= Given data =
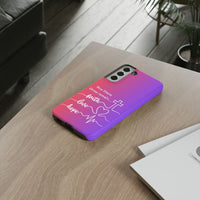 Samsung Faith, Love & Hope Gradient Phone Case — 'Now These Three Remain' Christian Protective Case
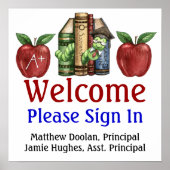 Administration de l'école / Poster de connexion -  (Devant)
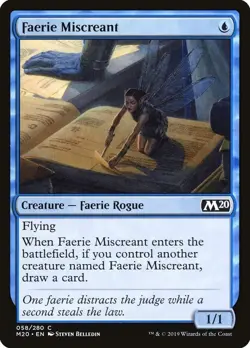 4x Faerie Miscreant - Pauper Staple - Mono‑Blue Faeries MTG Playset LP - Image 1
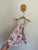 La Sienna pink roses dress Sz 3 EUC but play because of mark as pictured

= Requirement =
Pictures do not go in the copy. Write out exactly the lines from the line containing "4x Faerie Miscreant" through the last line of the listing.

= Task output =
 4x Faerie Miscreant - Pauper Staple - Mono‑Blue Faeries MTG Playset LP - Image 1
 La Sienna pink roses dress Sz 3 EUC but play because of mark as pictured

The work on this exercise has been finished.